There’s a line in the classic movie, The Producers, when one character says to the other, I lieb you, baby. I lieb you. Now lieb me alone.

The speaker clearly wants the other person to vacate the premises immediately. Leave him alone with an empty space, so to speak.

That’s what it means to vacate a judgment – the entire thing vanishes in a puff of smoke, leaving no judgment behind. The lawsuit remains active, but the clock is turned back so that the judgment is erased.

There are two ways for a creditor to get a judgment against you. They are:

  1. A judge can make a ruling that the creditor has proven all aspects of a case against you; or
  2. A judge can make a ruling that a creditor is entitled to a judgment because you didn’t fight the lawsuit.

The first way is usually called a judgment on the merits and the second way is called a default judgment.

In both situations, it is possible to get the judgment wiped out as if it never happened.

The process of wiping out a judgment entirely is called vacating the judgment.


Two Ways To Vacate A Judgment

Just as there are two ways for a creditor to get a judgment against you, there are two ways to have the judgment vacated. They are:

  1. Appeal the judgment and have the appeals court render the original judgment void; or
  2. Ask the original court to vacate a default judgment so that you can fight the lawsuit.

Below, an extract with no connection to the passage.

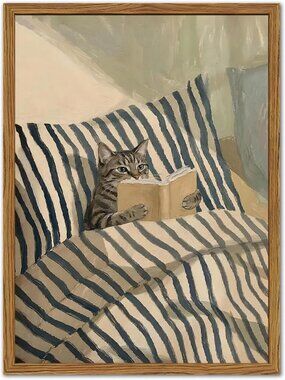 Whimsical Cat Wall Art, Cute Tabby Reading Book Canvas Print for Cozy Home Decor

Grounds For Vacating A Default Judgment

Each state has its own rules for vacating a default judgment filed against you. In California, for example, a judge can vacate a default judgment taken due to mistake, inadvertence, surprise, or excusable neglect.

In New York, the rule is similar. Under that state’s law, you can vacate a default if the judge believes you had a reasonable excuse for missing the original court date as well as a good defense to the lawsuit.

Both states allow the judge to set aside the judgment if you were never served with the original lawsuit papers. In addition, there are time limits involved.

Impact On Your Credit Report

Just because the judgment is vacated doesn’t mean that the lawsuit disappears. In fact, vacating the judgment means that the lawsuit is active once again.

The lawsuit will continue to show up on your credit report, though the judgment will not longer be reported to the credit reporting agencies.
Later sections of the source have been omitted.